Across the pond, the 55th annual Winter Antiques Show, with 75 dealers, was under way. By the end of the fair some Americana gallerists reported a crushing lack of sales, while other sellers were pleased—among them a handful of British gallerists who saw clients take advantage of a finally favorable exchange rate. London sculpture dealer Danny Katz sold, in the six figures, the most-expensive piece on his stand: a large-scale 19th-century terra-cotta Bust of Balzac by Pierre-Eugène-Emile Hébert, which came out of a private collection in Switzerland and went to an American museum. Rupert Wace sold numerous Egyptian works to private collectors, some of which were new clients, including an Egyptian bronze cat from the Late Dynastic Period for $135,000.

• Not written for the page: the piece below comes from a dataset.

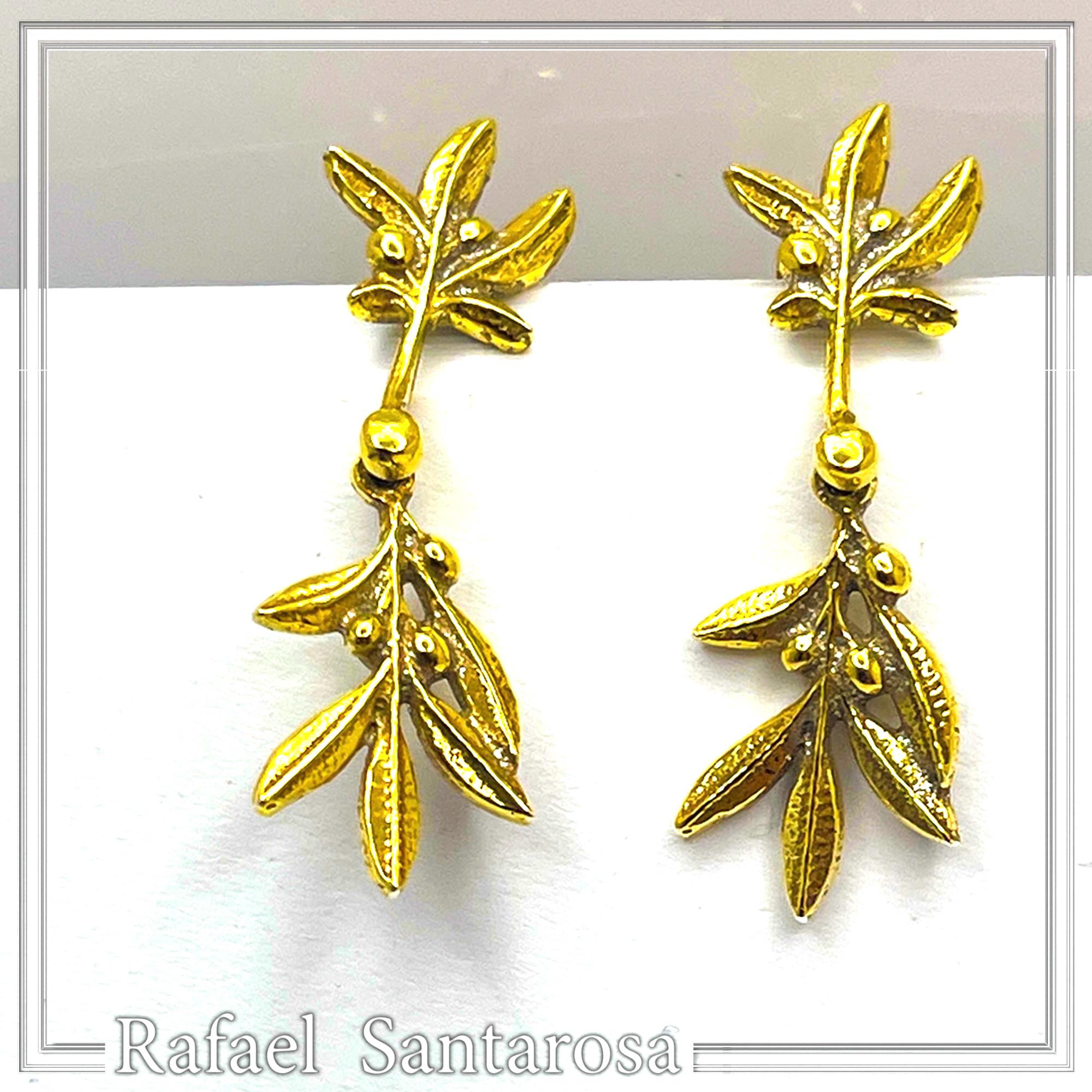 18K Gold Filled Sterling Silver Olive Branch Dangle Earrings: Floral Olive Greek Jewelry — additional product image 8 from Rafael Santarosa Fine Jewelry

Days later the action had moved to Palm Beach where entrepreneurs David and Lee Ann Lester, having bought back the antiques fair that they founded, with a cool $17 million profit, had renamed it the American International Fine Art Fair.The Lesters’ glitzy approach gave the fair record numbers, and the 70 dealers in attendance reported several high-price deals. Among them were a $300,000 Tiffany chandelier (circa 1900) at the Macklowe Gallery in New York; a $300,000 Gustav Klimt 1917 Study for the Painting of Adam and Eve, at Vienna’s Wienerroither & Kohlbacher; and a $5 million Andrew Wyeth painting, Winfield’s Porch, at New York’s Adelson Galleries.

And there was much buzz about Carlton Hobbs’ presence here, the New York antiques dealer accused, along with his estranged, London-based antiques-dealer brother, of alleged forgery by a restorer. You’ll see him at this summer’s Olympia fair, too, which, along with the Grosvenor House Art & Antiques Fair, is celebrating its 75th anniversary. He’ll also appear at the International Ceramics Fair & Seminar, which might see more Americans shopping since the turn of the 21st century. The strength of the dollar has them London-bound, and that’s the new state of the fairs.